Wikipedia has an abbreviated entry on IEEE 754 floating point, and lots of details of the internals of floating point numbers at IEEE 754-1985 — the current standard is IEEE 754:2008. It notes that a 32-bit float uses one bit for the sign, 8 bits for the exponent, leaving 23 explicit and 1 implicit bit for the mantissa, which is why absolute values up to 2²⁴ can be represented exactly.

I thought that it was clear that a 32 bit integer can't be exactly stored into a 32bit float.

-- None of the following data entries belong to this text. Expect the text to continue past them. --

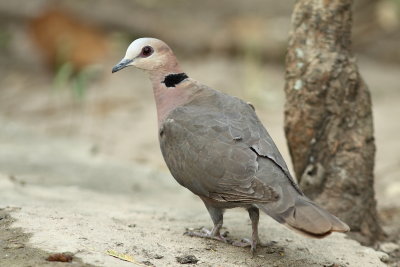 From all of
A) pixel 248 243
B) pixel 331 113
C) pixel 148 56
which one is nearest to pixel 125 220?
pixel 248 243

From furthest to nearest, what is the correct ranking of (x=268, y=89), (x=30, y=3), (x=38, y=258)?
(x=30, y=3) → (x=268, y=89) → (x=38, y=258)

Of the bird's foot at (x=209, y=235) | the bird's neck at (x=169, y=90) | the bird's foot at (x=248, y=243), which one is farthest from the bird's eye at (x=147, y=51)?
the bird's foot at (x=248, y=243)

My question is: What happens IF I store an integer bigger 2^24 or smaller -2^24? And how can I replicate it?

Once the absolute values are larger than 2²⁴, the integer values cannot be represented exactly in the 24 effective digits of the mantissa of a 32-bit float, so only the leading 24 digits are reliably available. Floating point rounding also kicks in.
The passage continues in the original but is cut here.